Mae hadn’t seen Bernice arrive but was thankful for her presence and followed her into the bedroom, where she took Mae’s bloody dress then helped her into the shower. Bernice was the head cook at Mae’s Family Dining and she took charge here with the easy competence that she used to run the restaurant kitchen. While Mae showered, Bernice watched men from the funeral home carefully but quickly wrap and remove Samuel’s body, and then the lawyer’s cleaning crew got rid of every trace of blood. They’d brought pillowcases to collect everything that needed to be disposed of, including Mae’s .45. The cleaning crew even dug the bullets out of the staircase walls.

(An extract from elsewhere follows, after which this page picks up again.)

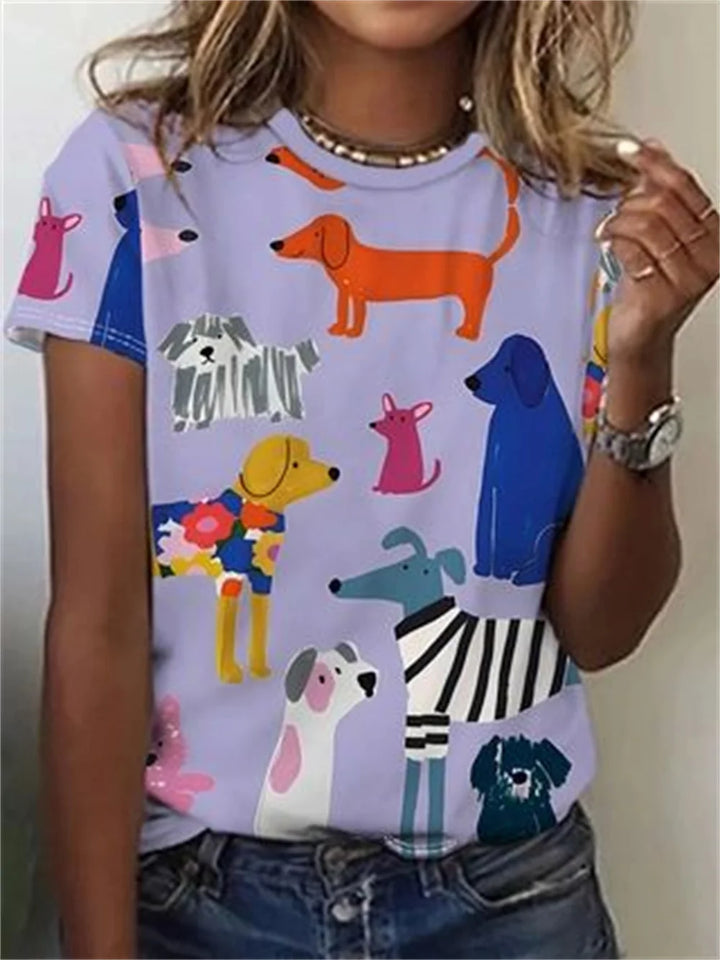 Olivia | Women's Dog Graphic Tee with Relaxed Fit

When Mae Hillaire returned to find Samuel gone, she screamed his name and fainted.
“I can’t hardly believe it, Mae! You’re really stepping away from the daily operation of this place?” Velma looked skeptical, impressed, and a little bit proud. She admired her friend as much as she liked her, and the feelings were mutual. Velma had endured a lot in the last few years and she’d not only survived but she seemed stronger.
First she had nursed Gus through what appeared to be every possible kind of sickness, which required him to move back into their home. When he’d finally had to go into the hospital, Velma was at his side until the end. Mae never saw her shed a tear until A.C. Jennings gave her the details of Gus’s will, which had come as a complete surprise: the house and car now belonged to her, as did the proceeds of two Golden State Life Insurance policies she never knew he had. Tears first leaked from her eyes, then flowed unchecked, accompanied by deep, racking sobs. Mae held her friend.
Jennings, who seemed to have an endless supply of neat, white handkerchiefs, produced them one after the other, until Velma was cried out. She drank the glass of water he gave her, then she apologized.
“You got nothing to apologize for, Velma,” Mae had said.
“Don’t y’all misunderstand me, I’m glad he’s gone. I just wish I could ask him why I had to wait till he was dead to learn that he gave a damn about me!” She pointed at the file on the lawyer’s desk. “I never knew about none of this! He always told me his business wasn’t none of
“Maybe he didn’t know how to speak kind words, Mrs. Jackson,” Jennings had said, passing the file across the desk. “Here’s the deed to your house, the title to your car, the life insurance check — all in your name — and Mr. Jackson’s death certificate, and this is all
Mae looked across the table at Velma, remembering that day at the lawyer’s office. They hadn’t spoken of it until now.
“How do you know this is the right time to walk away, Mae? What makes this the right time? After all, you’ve been free for a long time, not like me.” With the death of her son in a prison yard fight a year ago, Velma now was completely free. She knew that Gus Jr. had been charged with murdering a man named Dave Hebert, but Mae doubted that she recalled him as the man Mae and Samuel had run away from all those years ago, if they’d even mentioned his name. In a confrontation described as “stupid as shit” by witnesses, a staggering-drunk Hebert had waved a knife at a high-as-a-kite Gus Jackson Jr. and threateded to kill him unless he told where the fried chicken lady was. He’d slashed Gus to show he was serious. The sight of his own gushing blood had killed Gus’s high and he tackled Hebert and stabbed the man with his own knife, killing him. Witnesses said it was self-defense, and Mae had hired A.C. Jennings to prove it, but what the DA saw was that a Black man had killed a white one. What was the white man doing there, Jennings had asked the jury, but the DA got the question dismissed so no one knew how close Dave Hebert had come to finding the fried chicken lady and Mae didn’t think Velma realized that Dave Hebert’s yelling was more than just the crazy talk of a drunk.
Mae sighed. Maybe it was time — not just to release her hold on Mae’s Family Dining but to release her closely held worries too. “It’s about the eights, Velma. The eighth month and years ending in eight: Samuel and I left Louisiana in August 1948. That cop murdered Samuel in August 1958. And it’s now August 1968—”
“Has something happened, Mae?” Velma looked frightened.
“No, no,” Mae said. “It’s just... I’m still not over Dr. King’s murder. It still upsets my stomach like it was yesterday. So... a four-month and an eight-year. Kind of a balance...”
“What will you do with your time?” Velma was surprised when Mae laughed.